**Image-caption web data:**
_ _ _ _
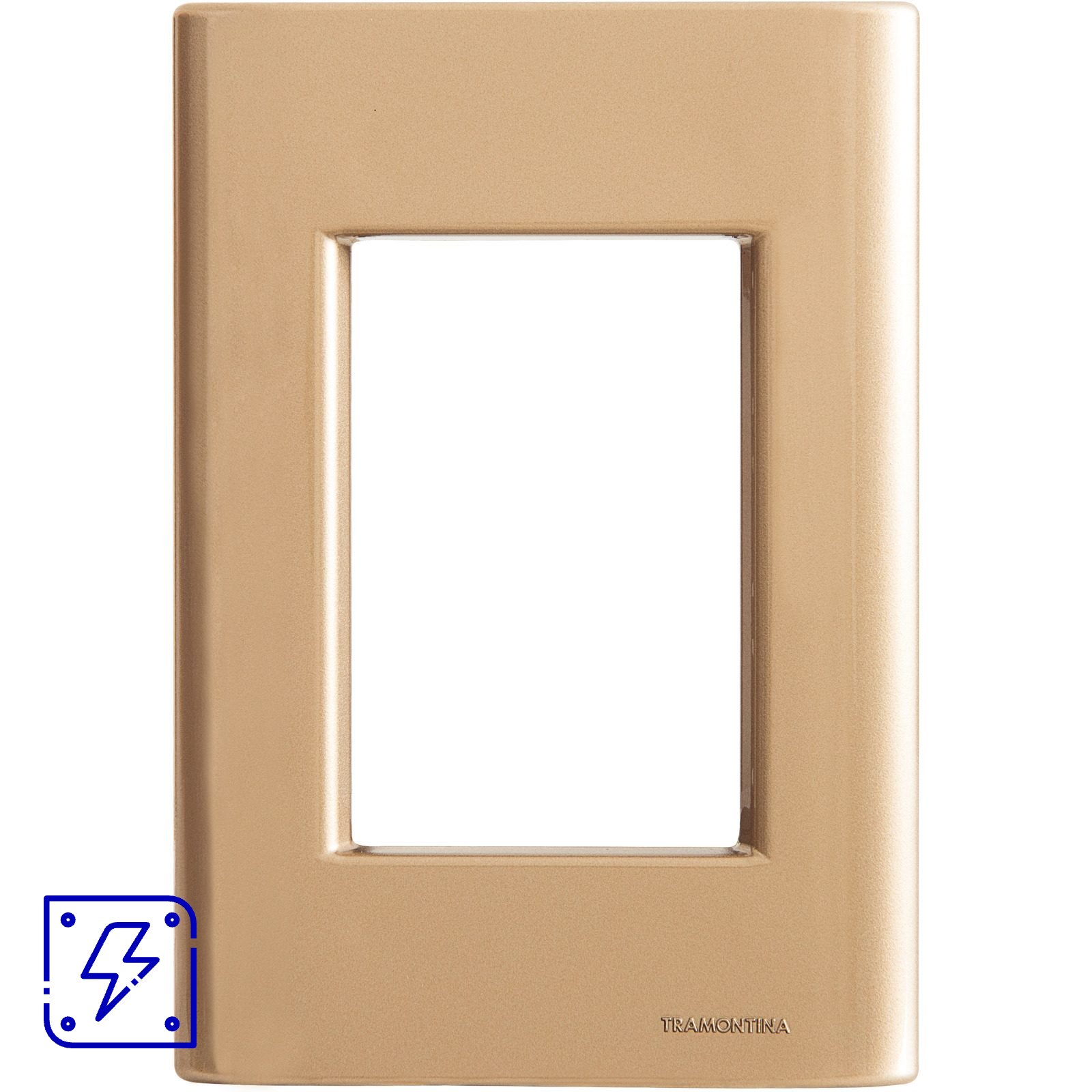 Placa 3 Postos 4x2 Tramontina Giz Ouro Metalizado sem Suporte 20 UNIDADES EMB.MINIMA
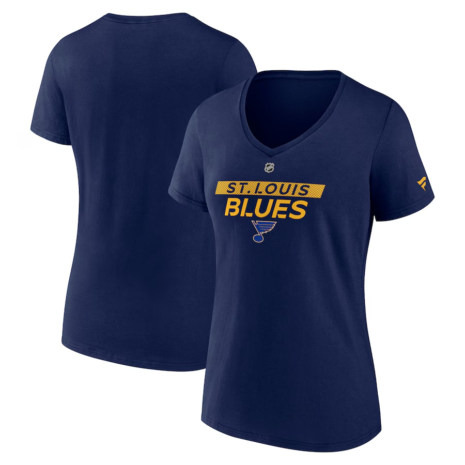 Fanatics St. Louis Blues Women's Navy Authentic Pro Core Primary V-Neck T-Shirt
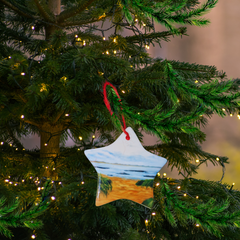 Donegal Ceramic Christmas Tree  Star Decorations The White Shore
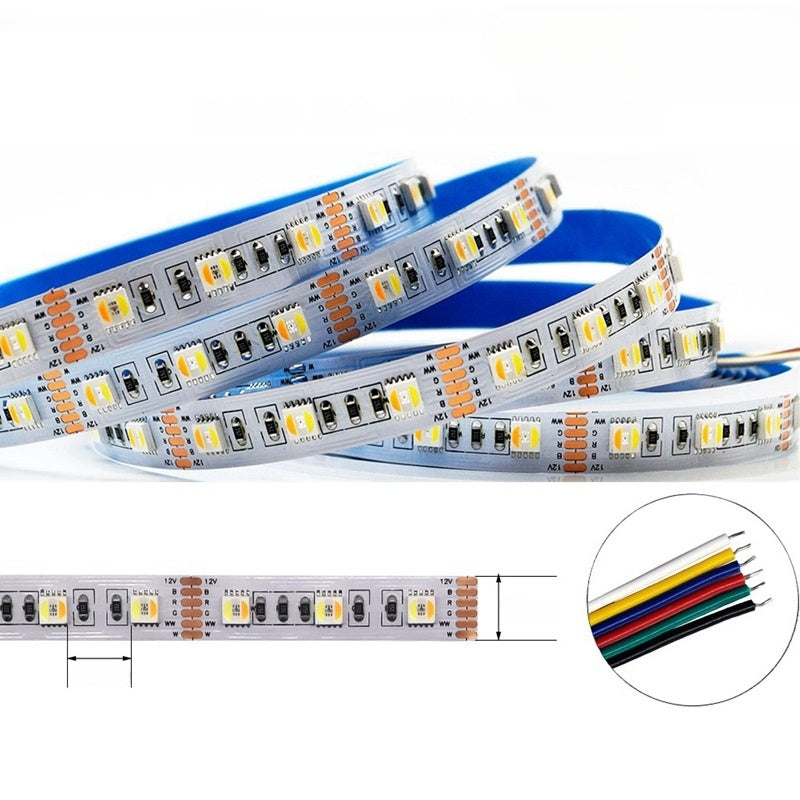 RGBCCT 5in1 LED Flexibles Streifenlicht, 16,4 Fuß (5 Meter) SMD5050-300, 60 LEDs pro Meter RGB und zwei weiße Farben, alles in einem LED-Bandlicht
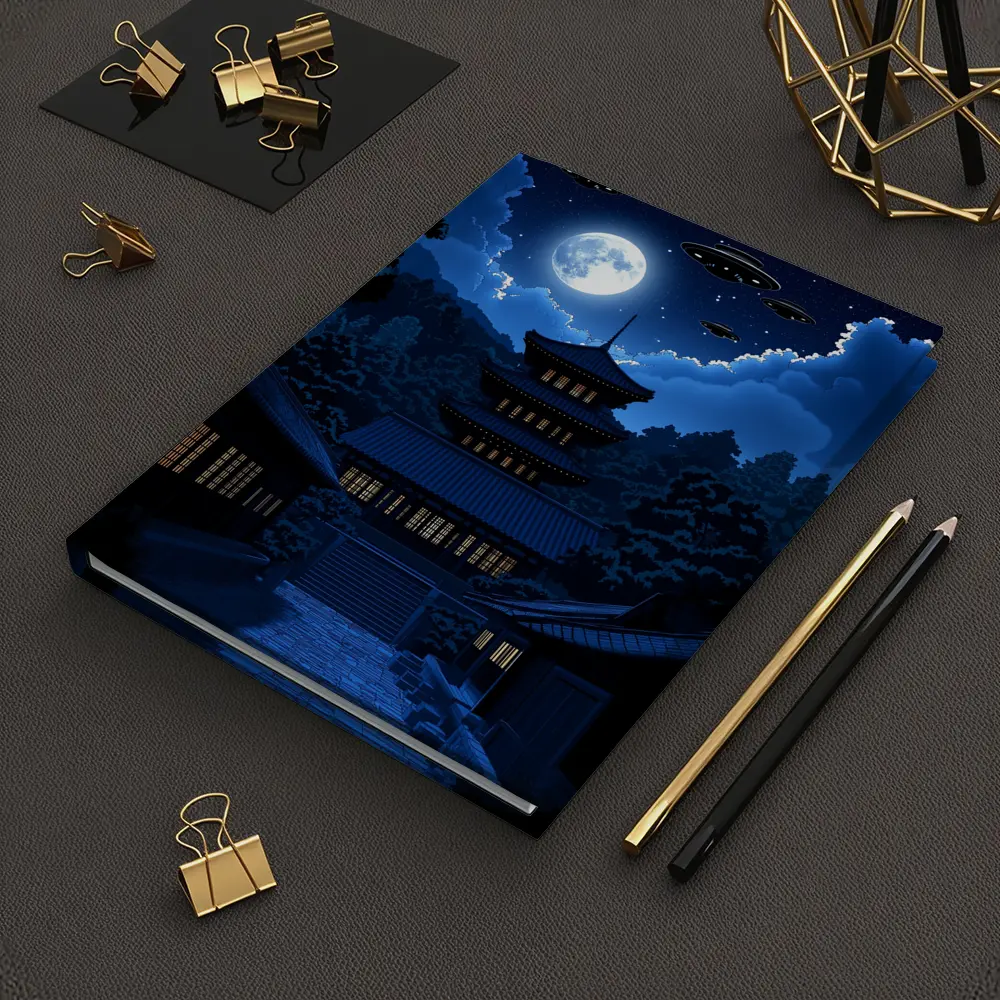 Pixel Art Pagoda Night Moon UFOs – Notebooks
_ _ _ _
**Aim of the exercise:**
Please print all of the records above exactly, omitting each picture.

**Task solution:**
 Placa 3 Postos 4x2 Tramontina Giz Ouro Metalizado sem Suporte 20 UNIDADES EMB.MINIMA
 Fanatics St. Louis Blues Women's Navy Authentic Pro Core Primary V-Neck T-Shirt
 Donegal Ceramic Christmas Tree  Star Decorations The White Shore
 RGBCCT 5in1 LED Flexibles Streifenlicht, 16,4 Fuß (5 Meter) SMD5050-300, 60 LEDs pro Meter RGB und zwei weiße Farben, alles in einem LED-Bandlicht
 Pixel Art Pagoda Night Moon UFOs – Notebooks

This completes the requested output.